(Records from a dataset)
====
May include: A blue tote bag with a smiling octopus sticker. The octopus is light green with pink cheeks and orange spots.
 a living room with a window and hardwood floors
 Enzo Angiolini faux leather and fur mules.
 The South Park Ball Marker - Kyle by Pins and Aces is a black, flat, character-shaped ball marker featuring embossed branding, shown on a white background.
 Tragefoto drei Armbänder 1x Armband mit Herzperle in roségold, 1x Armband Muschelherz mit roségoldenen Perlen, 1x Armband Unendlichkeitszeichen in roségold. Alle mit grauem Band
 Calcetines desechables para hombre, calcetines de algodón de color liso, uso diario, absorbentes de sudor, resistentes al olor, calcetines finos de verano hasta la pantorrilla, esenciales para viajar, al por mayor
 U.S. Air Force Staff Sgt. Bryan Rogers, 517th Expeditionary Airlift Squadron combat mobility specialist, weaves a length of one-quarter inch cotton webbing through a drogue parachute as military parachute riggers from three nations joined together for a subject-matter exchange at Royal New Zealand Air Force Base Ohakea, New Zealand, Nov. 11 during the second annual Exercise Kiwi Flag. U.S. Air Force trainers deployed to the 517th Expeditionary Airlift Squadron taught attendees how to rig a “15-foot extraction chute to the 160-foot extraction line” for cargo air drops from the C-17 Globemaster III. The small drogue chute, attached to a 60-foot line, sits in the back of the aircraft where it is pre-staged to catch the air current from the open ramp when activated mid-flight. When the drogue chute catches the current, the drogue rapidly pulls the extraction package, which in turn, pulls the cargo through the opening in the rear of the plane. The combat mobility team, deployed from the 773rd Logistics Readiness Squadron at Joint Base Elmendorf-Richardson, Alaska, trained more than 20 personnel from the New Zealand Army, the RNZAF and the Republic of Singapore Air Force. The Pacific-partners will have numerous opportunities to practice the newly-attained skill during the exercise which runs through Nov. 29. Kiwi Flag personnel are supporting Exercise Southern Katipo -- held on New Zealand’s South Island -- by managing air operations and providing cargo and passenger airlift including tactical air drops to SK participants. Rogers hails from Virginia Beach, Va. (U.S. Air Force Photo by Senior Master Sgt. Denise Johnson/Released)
====
# WHAT THE EXERCISE ASKS
Print the first line of the records above and each line after it, exactly, through the line with "Calcetines desechables para".

# REPLY
May include: A blue tote bag with a smiling octopus sticker. The octopus is light green with pink cheeks and orange spots.
 a living room with a window and hardwood floors
 Enzo Angiolini faux leather and fur mules.
 The South Park Ball Marker - Kyle by Pins and Aces is a black, flat, character-shaped ball marker featuring embossed branding, shown on a white background.
 Tragefoto drei Armbänder 1x Armband mit Herzperle in roségold, 1x Armband Muschelherz mit roségoldenen Perlen, 1x Armband Unendlichkeitszeichen in roségold. Alle mit grauem Band
 Calcetines desechables para hombre, calcetines de algodón de color liso, uso diario, absorbentes de sudor, resistentes al olor, calcetines finos de verano hasta la pantorrilla, esenciales para viajar, al por mayor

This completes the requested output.